With more than 30% of its population vaccinated, Israel is leading the fight against Covid-19. Yet the emergence of more infectious variants is overwhelming in its hospitals, showing the long road ahead for the rest of the world.
After 82% of Israelis were vaccinated elderly 60 and up, go in an almost month long If the national airport is closed this week, Israel indicates that the end of the tunnel could be further. The dives are hoping for a rapid, global vaccine-driven recovery after Prime Minister Benjamin Netanyahu promised in Davos to make Israel a test case for how quickly Covid shots could help reopen economies.

A nurse gives a dose of Pfizer-BioNTech Covid-19 vaccine at a massage center in Tel Aviv on January 4.
Photographer: Kobi Wolf / Bloomberg
“We are seeing a wave of infection refusing to take off, apparently due to the mutation,” Health Minister Yuli Edelstein told a news conference on Thursday.
If the European Union fighting to get enough stock of vaccines and pushing the US to get more shots in the arms, the Israeli situation is a testament to the difficulty of fighting a virus, giving the ability to quickly mutate it a step ahead of the efforts to limit it.
People who went through the vaccination cycle were 2% or less of those admitted to the hospital, said public health chief Sharon Alroy-Preis, saying “they are definitely more protected.” However, not enough people have completed the vaccination cycle to draw conclusions about the effectiveness of the vaccine, Ran Balicer, head of the Covid-19 National Experts Team, told Ynet television.
The so-called British variant, 50% more contagious and possibly more virulent than the original virus, is to blame for the inability so far of the vaccination campaign and the exclusion to curb the spread, the Israeli health ministry said.
Although the vaccine presumably works against the British variant, the more contagious nature of the mutation means higher infections and therefore more hospitalizations. The main goal of the Ministry of Health now is to reduce the numbers of seriously ill people, who are overwhelming hospital wards and exhausting medical teams.

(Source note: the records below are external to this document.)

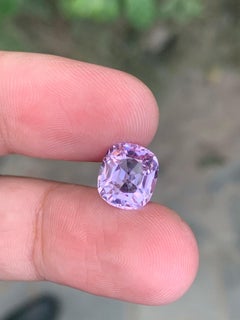 Gema Kunzita suelta natural de 4.05 quilates en forma de cojín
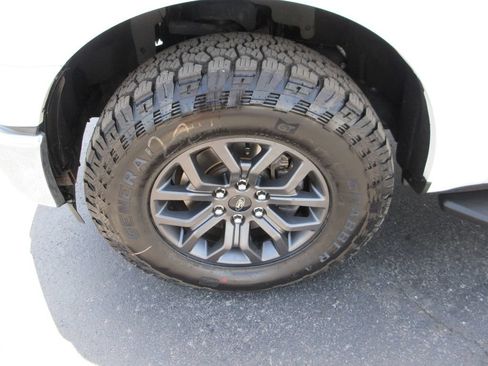 Used 2017 Ford F150 XLT w/ Equipment Group 302A Luxury AWD/4WD image 15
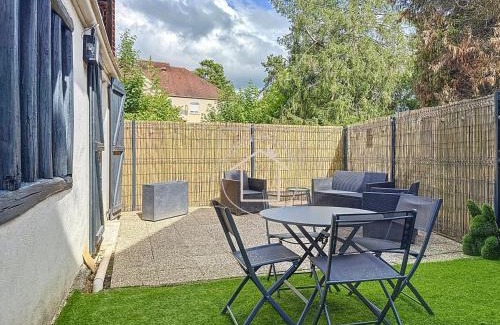 Dourdan House | Le Balcon des Rois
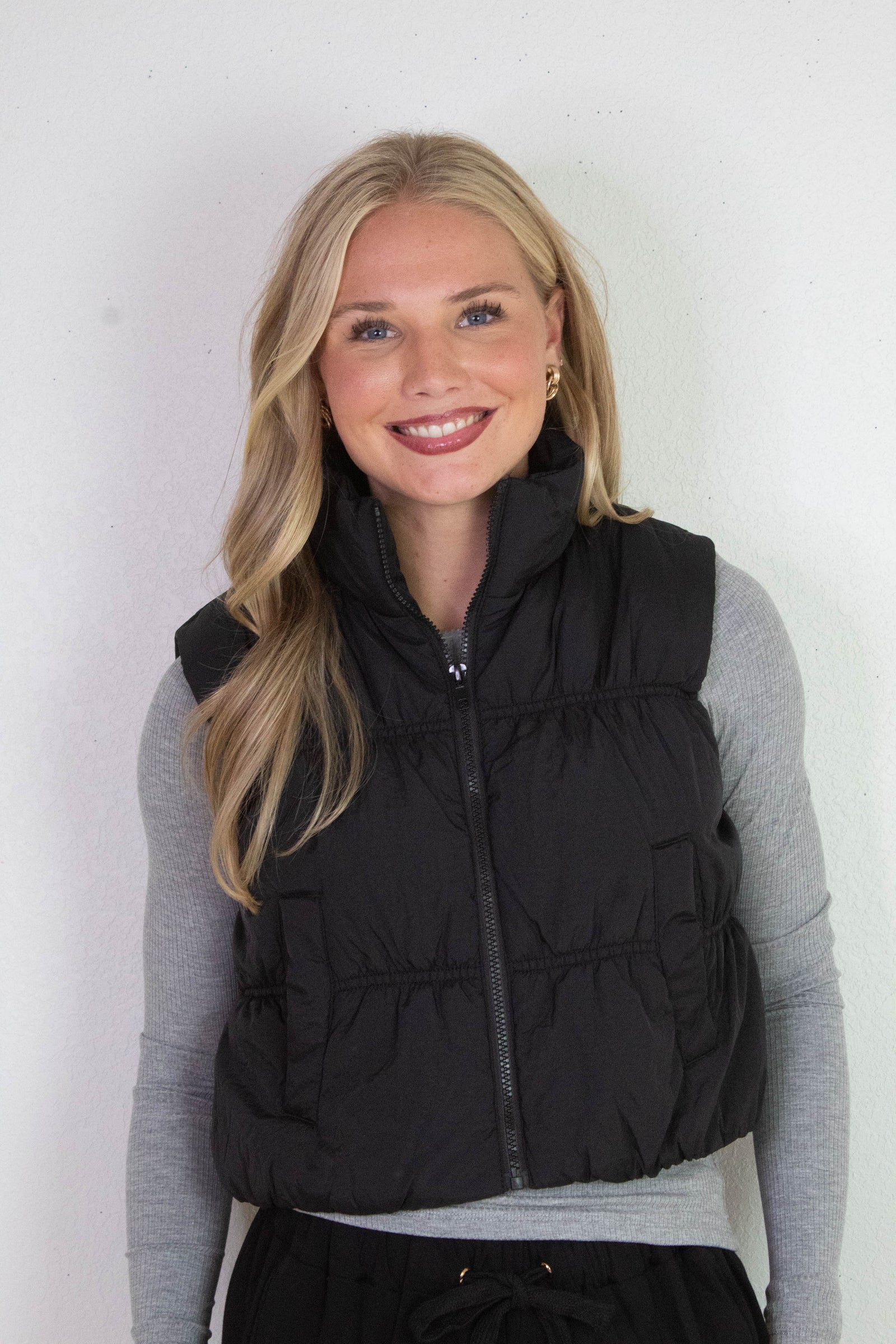 Martha Zip Up Cropped Puffer Vest, Black – North & Main Clothing
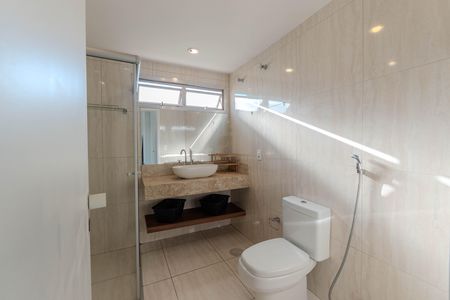Apartamento para alugar com 120m², 1 quarto e 2 vagas Apartamento para alugar com 120m², 1 quarto e 2 vagasBanheiro da Suíte 1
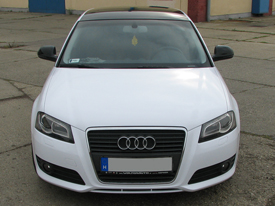 Audi A3 fóliázás: fényes fehér karosszéria fóliázás, üveghatású tető karosszéria fóliázás 2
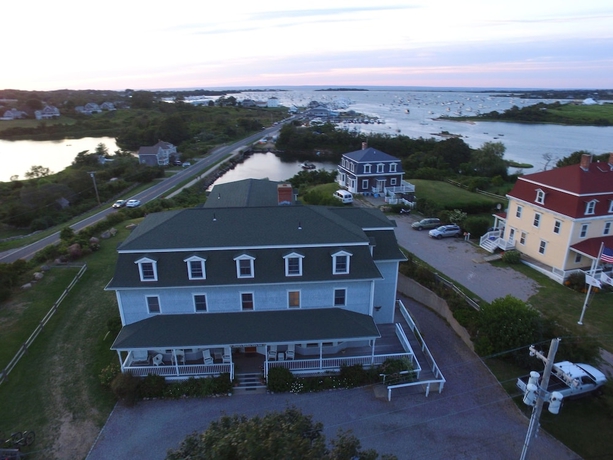 Imagen general del Hotel Payne\'s Harbor View Inn. Foto 1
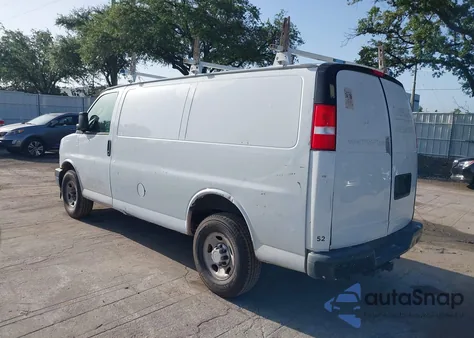 2018 Chevrolet Express G2500 из США, поврежденный, VIN 1GCWGAFP5J1221010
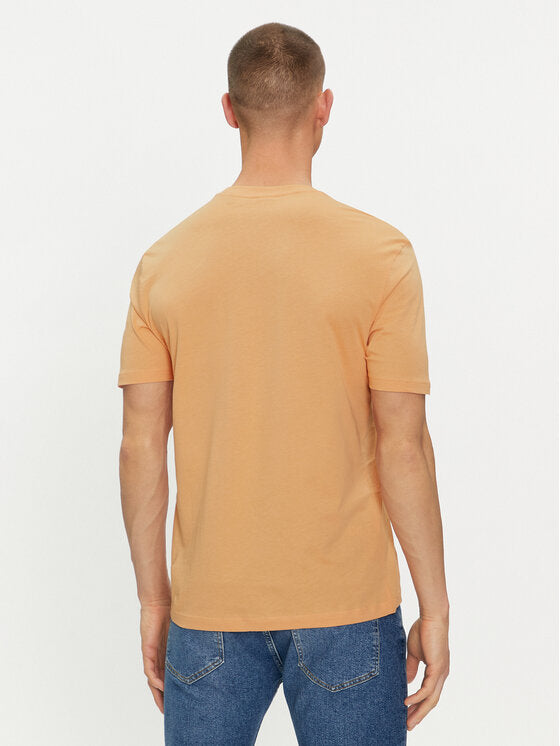 
                      
                        Hugo Boss T-Shirt in Orange color
                      
                    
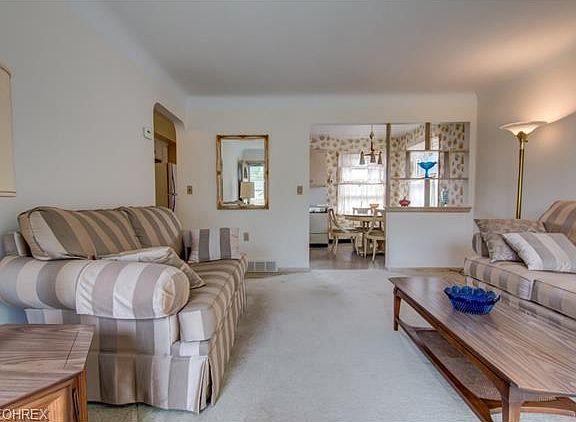 3rd image of 29617 Fairway Blvd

The infection rate in Israel has dropped to just over 9% from 10.2% earlier this month, and people who are seriously or critically ill have stabilized at around 1100. But the number of patients on respirators has reached a record, said Corona Commissioner Nachman Ash. More than 4,600 people in Israel have died from the virus and more than 7,600 people are diagnosed with it daily.

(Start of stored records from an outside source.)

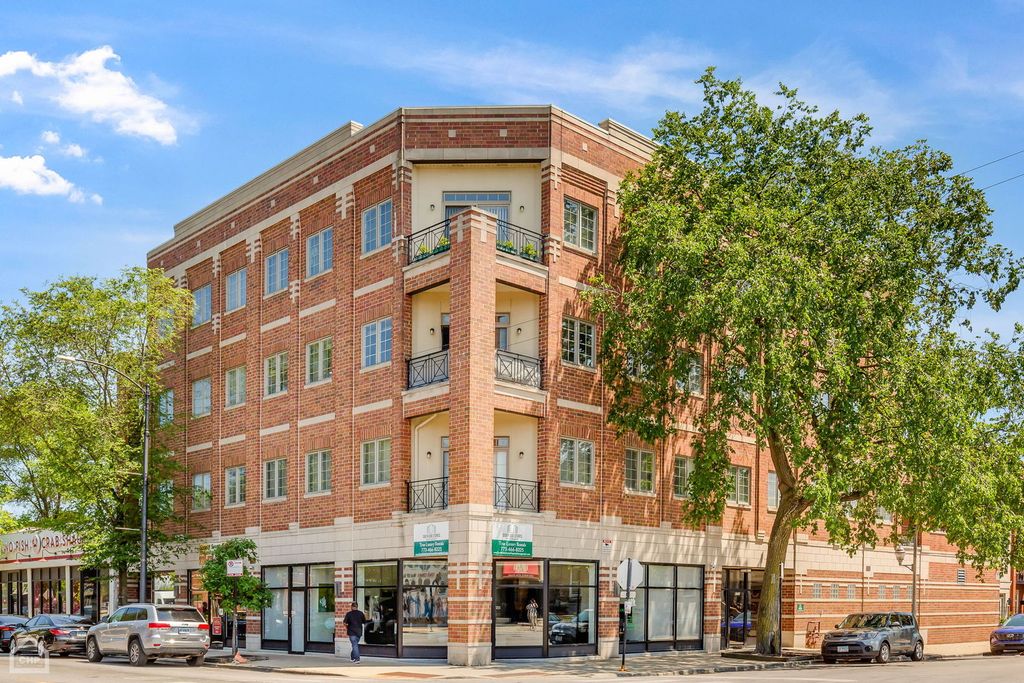 4705 S Champlain Avenue 202, Chicago, IL 60615
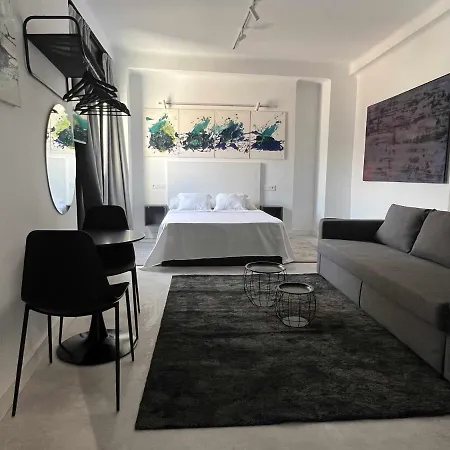 Eneldo Modern & Luxury Апартаменты *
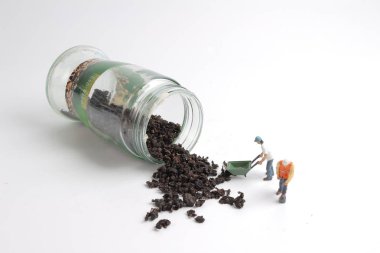 bir çay yaprağı ve minyatür çalışma insan figürü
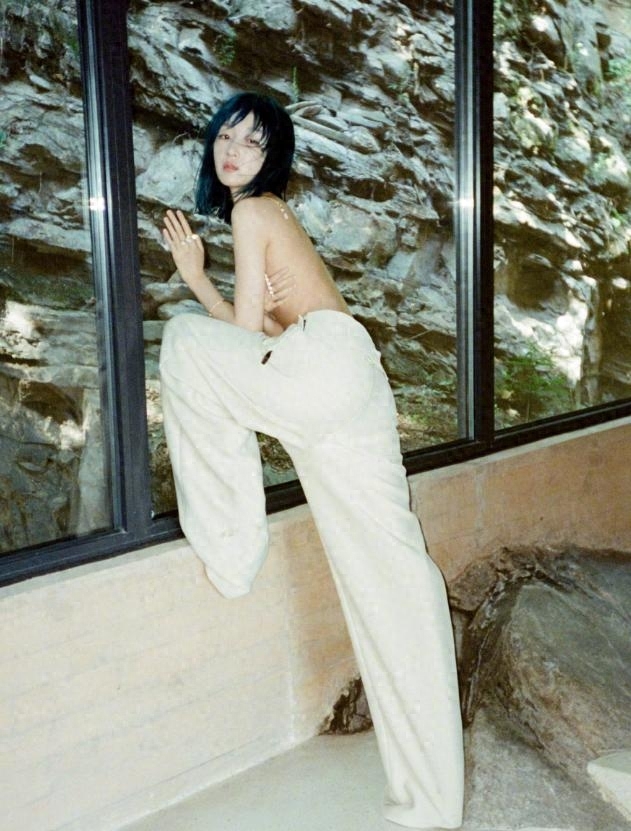 私生活混乱,不拉窗帘与男友玩“拔萝卜”,周冬雨还是暴露了本性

Balicer said it would probably take another ten days for the country to decline critical cases, causing the economy to return to normal.
Netanyahu has set himself the goal of vaccinating all Israelis over 16 by the end of March.
“The faster we are vaccinated and the faster the population is going to be vaccinated, the faster we can bring the spread under control,” said Hezi Levi, director of the Ministry of Health.